Our Story: Friends of Home Ground
A great deal of the work that is accomplished at Home Ground is done by our wonderful volunteers—our unofficial “Friends of” group. At present, a group of about twelve to fifteen dedicated volunteers meets twice monthly to propagate plants. Our volunteers range in age from fifty to eighty, mostly women and retired, and most are experienced at gardening for California and dedicated to doing good by propagating plants. We’ve been meeting for about ten years now, and when our new Home Ground growing grounds are fully functional, we will be inviting more people to join in our efforts to educate gardeners and to support more California-sensitive garden practices.
Many of us first met at Marin Art and Garden Center, while I was the Garden Education Manager and Volunteer Coordinator there. MAGC volunteers worked together under my supervision in the gardens and in the little nursery we had set up, often side-by-side with high-school students who came after school to complete their community service hours. In the summer months, we had both high school and college students on internships helping us maintain the gardens, propagate plants, harvest seed, and make compost.
In the summer of 2009, due to a lack of funding after the 2008 stock market crash, the Center’s Board of Directors made the decision to discontinue all the garden education programs. Although my position at the Center came to an end, the volunteers and I wanted to stick together, recreate some of these programs, and expand the nursery of native and habitat plants. I have loved and worked with this expanding group of people ever since!
Environmentally-sensitive gardening has been my passion for many years, and my dream has been to set up a green center where the Bay Area gardening community can see principles of gardening with a light and loving touch on the earth. I tried again in the summer of 2011, when I made an arrangement to use a small portion of a large family-owned traditional nursery in Novato.

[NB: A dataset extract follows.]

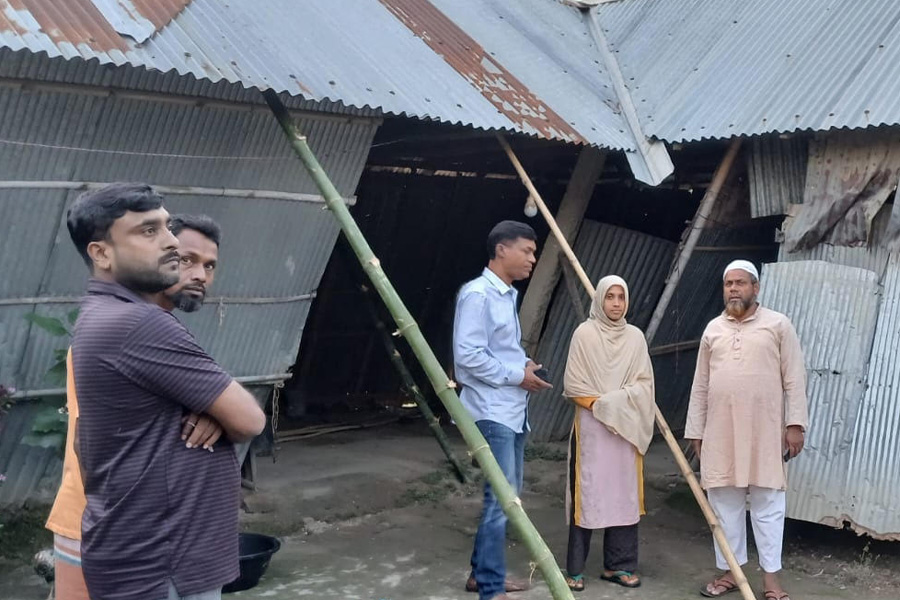 নববর্ষে ঝড়-শিলাবৃষ্টিতে ক্ষতিগ্রস্ত পরিবারকে সহায়তা দিলেন মামুন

Many new volunteers joined in to help with the plant propagation and we had space to grow thousands of plants each year. We held twice yearly plant sales at the nursery to benefit the Marin chapter of CNPS, which attracted hundreds of people! A committee associated with Marin CNPS designed and installed beautiful demonstration gardens showcasing native plants and alternatives to a typical lawn. The North Marin Water District donated all the irrigation parts, including a SMART irrigation timer, so that we could demonstrate three different styles of irrigation that make better use of water in garden settings. The Urban Farmer Store donated the time of an expert installer, and we made the irrigation installation a hands-on workshop. With a group from the Novato Live Well Network, we also built and managed a small and very productive organic vegetable garden.
At the plant sales, we offered all sorts of workshops and mini-lectures, from pruning natives to seed collecting to edible native plants. We also set up a home-composting demonstration site at the nursery and offered classes regularly on behalf of ZeroWaste Marin. Sadly, after three years we had to leave that space. Undaunted, we continued to grow plants with a small nursery set-up at my home while I searched for another site to fulfill my vision.
Meanwhile, our volunteers saw that we were onto a really good thing and felt we should have a name for what we were about. We shared lists of many possible names and it was Alice B. who came up with Home Ground Habitats. Home because that is where our hearts are; Ground because we all have tremendous respect for Mother Earth; and Habitats because that is our goal: life-nourishing habitats for people and all the other creatures we share our land with.
I remember when I first met each of the volunteers who are now a part of our Friends group. All are uncommonly good people, and actively giving back to our local community. Each one maintains a unique and vibrant home garden. About half of our volunteers are Marin CNPS members, and Cindy, Genevieve, Jean, and Sara are all Marin Master Gardeners who also volunteer their time for other projects in the county like helping at school gardens, working at plant sales, and offering advice for home gardeners.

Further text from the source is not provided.